After a dry spell in the first half of the year, the IPO market has heated up again. With Indiamart Intermesh giving a listing gain of 20 per cent and Affle India being oversubscribed 86 times, it seems that the appetite for new listings has increased. In the midst of all these, comes the IPO of Sterling and Wilson.
Sterling and Wilson, part of the Shapoorji Pallongi group, operates in the renewable energy space. With several countries pushing for renewable energy owing to severe climate changes, this company has positioned itself to capitalise on this growing enthusiasm.
Involved in the engineering, procurement and construction (EPC) of utility-scale solar power projects, the company provides operations and maintenance services for third-party solar projects. Headquartered in Mumbai, it is able to facilitate engineering and design functions. It then sources locally, in the country of operation, the supplies and third-party subcontractors it may need to complete the construction of the project. The company leases most of the equipment needed for construction, while the investment in the land for the solar project is made by the client.
The company records its revenue based on percentage of completion, which means its revenue and expenses are recorded as incurred during the course of the project.
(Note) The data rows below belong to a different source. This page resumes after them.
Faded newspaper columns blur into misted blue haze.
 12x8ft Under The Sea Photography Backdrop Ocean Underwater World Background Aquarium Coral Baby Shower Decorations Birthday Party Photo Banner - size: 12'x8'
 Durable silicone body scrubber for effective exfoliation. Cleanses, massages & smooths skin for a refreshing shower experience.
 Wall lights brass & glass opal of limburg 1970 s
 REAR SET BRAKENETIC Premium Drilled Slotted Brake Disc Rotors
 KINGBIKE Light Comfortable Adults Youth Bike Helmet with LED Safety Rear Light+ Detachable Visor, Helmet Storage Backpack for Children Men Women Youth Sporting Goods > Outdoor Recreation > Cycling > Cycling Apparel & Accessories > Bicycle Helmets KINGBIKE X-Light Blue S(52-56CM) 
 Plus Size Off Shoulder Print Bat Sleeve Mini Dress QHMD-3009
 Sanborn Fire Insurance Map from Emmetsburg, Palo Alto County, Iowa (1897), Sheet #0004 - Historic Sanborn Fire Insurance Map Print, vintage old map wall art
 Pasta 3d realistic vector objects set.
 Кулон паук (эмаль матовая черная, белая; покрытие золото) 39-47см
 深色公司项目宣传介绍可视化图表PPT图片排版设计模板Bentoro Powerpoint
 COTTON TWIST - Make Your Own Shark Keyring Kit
Under this method of accounting, profits from a project will only be evident once the project is complete.
- The company's area of operations is in India, which proves to be a cost advantage, as the talent pool it can acquire here will be cheaper than its competitors abroad.
- It is under the umbrella of the Shapoorji Pallonji Group, which gives it the reputation to bid for high-profile projects across the world, as the group is a conglomerate with significant business interests in and outside India.
- It follows an asset-light model and leases most of its equipment. It is a pure-play solutions provider (consultant) and hence, can keep costs to a minimum.
- Strong order book, which stood at Rs 3, 832 crore as of FY19.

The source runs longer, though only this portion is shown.